Steine auf Polizisten – das ist versuchter Totschlag!

Fünf Jahre Jugendstrafe wegen versuchtem Totschlag – das ist das harte Urteil für drei jugendliche Hausbesetzer, die am 28. Juni 2007 Polizisten mit Pflastersteinen bewarfen.
MÜNCHEN Die Jugendstrafkammer des Landgerichts I sah es als erwiesen an, dass die damals 17 bis 19 Jahre alten jugendlichen Hausbesetzer Polizisten mit Steinen beworfen hatten. Die Punks hatten ein Haus in der Westendstraße besetzt und Barrikaden errichtet. Als die Polizei anrückte, warfen sie mit Pflastersteinen – insgesamt 30 Stück. Vier Beamte wurden verletzt. Einer von ihnen erlitt beim Sturz von einer Mauer einen Brustwirbelbruch. Als er am Boden kauerte, flogen weitere Steine. Einer traf ihn im Rücken.
Peter Hückmann, Anwalt der 17-jährigen Stephanie T., kündigte Revision an: „Hier sind alle drei über einen Kamm geschoren worden, ohne den jeweiligen Tatbeitrag zu prüfen.“ Außerdem bedeute eine Verurteilung wegen versuchtem Totschlag einen „Dammbruch“, da so etwas bereits bei vielen Demos passiert sei, bislang aber lediglich als gefährliche Körperverletzung geahndet wurde. Auch Florian Schneider, Anwalt des 20-jährigen Sven M., spricht von einem „Pionier-Urteil“. „Das wird es jetzt öfters geben“, prophezeit er. Der Vorwurf des versuchten Totschlags wird dabei gestützt auf ein Münchner Gutachten, das Lebensgefahr für den Fall sieht, dass der oberste Halswirbel – auch bei gut gepanzerten Einsatzkräften ein neuralgischer Punkt – von einem Stein getroffen wird.
Richterin Rosi Datzmann begründete gestern die Höhe der Strafe damit, dass im Jugendgefängnis auf die Drei erzieherisch eingewirkt werden soll: „Dieses Urteil ist ihre letzte Chance.“
So sollen sie in der Haft eine Lehre bzw. ihre Schulausbildung abschließen können.

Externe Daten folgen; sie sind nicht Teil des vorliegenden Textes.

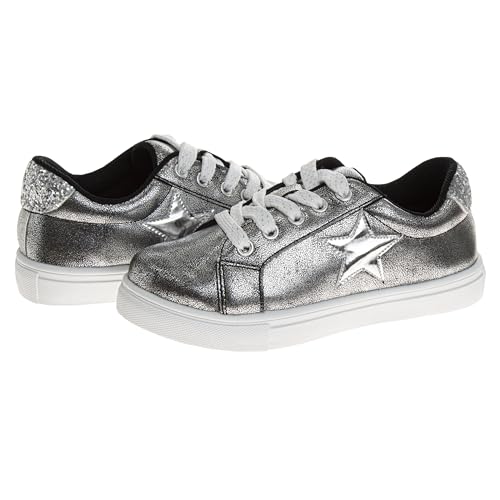 Zapatillas Kensie Girl con cordones antideslizantes - Zapatos casuales de moda de caña baja - Todo blanco (talla 11 para niñas pequeñas)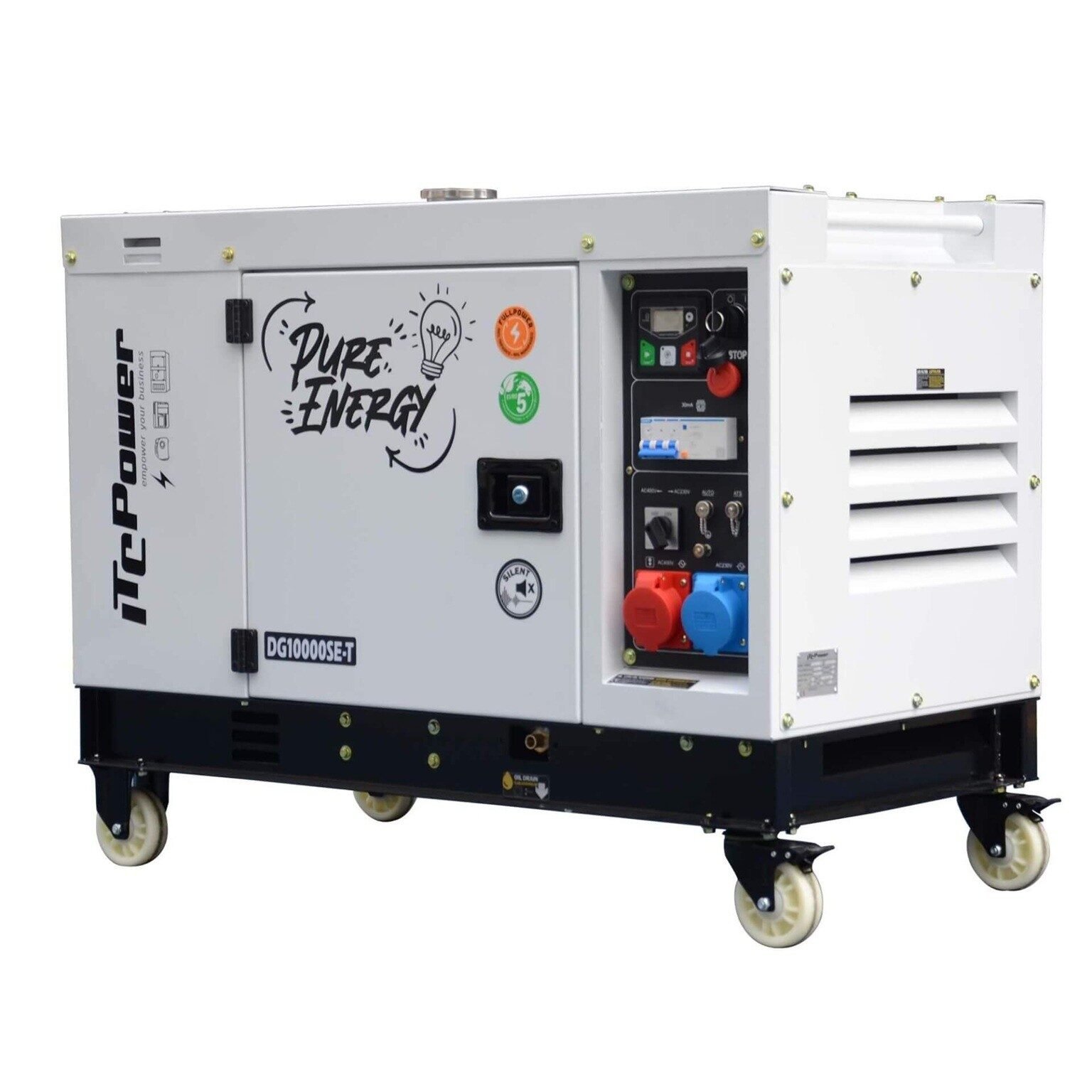 Generator Diesel Trifazat ITC Power DG10000SE-T 10,6 kVA Full Power, Insonorizat, Baterie Litiu, AVR, Pregatit ATS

Lukas W. (Anwalt Jochen Uher) wusste nicht einmal, dass er bereits einen Hauptschulabschluss besitzt, hat daher auch nie etwas damit angefangen. Nach Meinung der Anwälte hätte für dieses Ausbildungsziel aber auch eine Bewährungsstrafe mit entsprechenden Auflagen ausgereicht.
Das sahen die Zuhörer, Freunde aus der Punk-Szene, die Eltern und andere Verwandte der Angeklagten, ganz ähnlich. Mit Zwischenrufen kritisierten sie die harte Entscheidung des Jugendgerichts, klatschten höhnisch Beifall für das „deutsche Justizsystem“.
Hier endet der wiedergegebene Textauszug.